- Interactive map of La Loma de Falcon, Texas
- Coordinates: 26°32′13″N 99°5′46″W﻿ / ﻿26.53694°N 99.09611°W
- Country: United States
- State: Texas
- County: Starr

Area
- • Total: 0.1 sq mi (0.26 km^{2})
- • Land: 0.1 sq mi (0.26 km^{2})
- • Water: 0.0 sq mi (0 km^{2})

Population (2020)
- • Total: 72
- • Density: 720/sq mi (280/km^{2})
- Time zone: UTC-6 (Central (CST))
- • Summer (DST): UTC-5 (CDT)
- Zip Code: 78584

= La Loma de Falcon, Texas =

La Loma de Falcon is a census-designated place (CDP) in Starr County, Texas, United States. It was a new CDP for the 2010 census. As of the 2020 census, La Loma de Falcon had a population of 72.
==Geography==
La Loma de Falcon is located at (26.536833, -99.095959).

==Demographics==

La Loma de Falcon first appeared as a census designated place in the 2010 U.S. census.

Historical population
| Census | Pop. | Note | %± |
| 2010 | 95 |  | — |
| 2020 | 72 |  | −24.2% |
U.S. Decennial Census 1850–1900 1910 1920 1930 1940 1950 1960 1970 1980 1990 2000 2010 2020

===2020 census===

La Loma de Falcon CDP, Texas – Racial and ethnic composition Note: the US Census treats Hispanic/Latino as an ethnic category. This table excludes Latinos from the racial categories and assigns them to a separate category.
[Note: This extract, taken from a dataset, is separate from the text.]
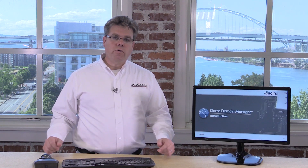To learn more, or to give it a spin, feel free to contact Audinate or your local Dante Domain Manager reseller. Thank you for joining us, and we'll talk to you then.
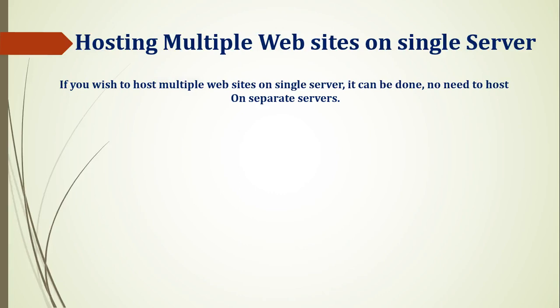Hello friends, welcome to this video segment and welcome to YouTube channel. As you can see on the screen, I am sharing this video on hosting multiple websites on a single server.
Hispanics/Latinos may be of any race.
| Race / Ethnicity (NH = Non-Hispanic) | Pop 2010 | Pop 2020 | % 2010 | % 2020 |
|---|---|---|---|---|
| White alone (NH) | 4 | 0 | 4.21% | 0.00% |
| Black or African American alone (NH) | 0 | 0 | 0.00% | 0.00% |
| Native American or Alaska Native alone (NH) | 0 | 0 | 0.00% | 0.00% |
| Asian alone (NH) | 0 | 0 | 0.00% | 0.00% |
| Native Hawaiian or Pacific Islander alone (NH) | 0 | 0 | 0.00% | 0.00% |
| Other race alone (NH) | 0 | 0 | 0.00% | 0.00% |
| Mixed race or Multiracial (NH) | 0 | 0 | 0.00% | 0.00% |
| Hispanic or Latino (any race) | 91 | 72 | 95.79% | 100.00% |
| Total | 95 | 72 | 100.00% | 100.00% |

==Education==
The CDP is within the Roma Independent School District. The zoned elementary school for the 2010 Census community is Emma Vera Elementary School. Roma High School is the district's sole comprehensive high school.